Water—or, actually, the lack of it—is a pretty serious issue in California these days. Just ask the almond growers.
The state’s severe drought is creating headaches, both political and ethical, for farmers. But a startup that’s getting association support could prove to be a big help during the extended dry spell.
The irrigation firm SWIIM, or Sustainable Water & Innovative Irrigation Management, is currently promoting a service that allows farmers to sell off their unused water supplies to other farmers in need. The San Francisco Chronicle describes it as an “Airbnb for water.”
The Western Growers Association, a trade group representing farmers in California and Arizona, is working with SWIIM to launch irrigation efforts in water-starved areas of the Golden State.
SWIIM’s offering could help solve an inequity in the system, the Chronicle notes. Under decades-old state laws, California farmers who don’t use their full water allocations may later find their allocations cut.

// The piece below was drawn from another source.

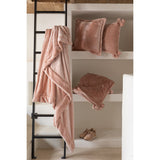 Coussin Tender Pompons Aubepine 45 x 45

A solution is to allow a farmer with more water than needed in a given growing season to lease it to another farmer.
“California law encourages water transfers as a means of providing for more efficient use of water,” Andy Sawyer of the California State Water Resources Control Board told the Chronicle. “The theory is if you have a willing buyer and a willing seller and they’re willing to transfer, it’s probably because the buyer is getting greater economic use out of it than the seller.”
But it’s a lot more complicated than it sounds. For one thing, water use levels can be difficult to track, making a system like SWIIM’s particularly useful. In Colorado, where SWIIM is based, farmers have been able to make as much as $200 to $500 per acre by leasing water they’ve conserved.
“Water is a real, tangible property right. It’s the highest valued asset on a farmer’s personal balance sheet,” SWIIM CEO Kevin France told Fast Company.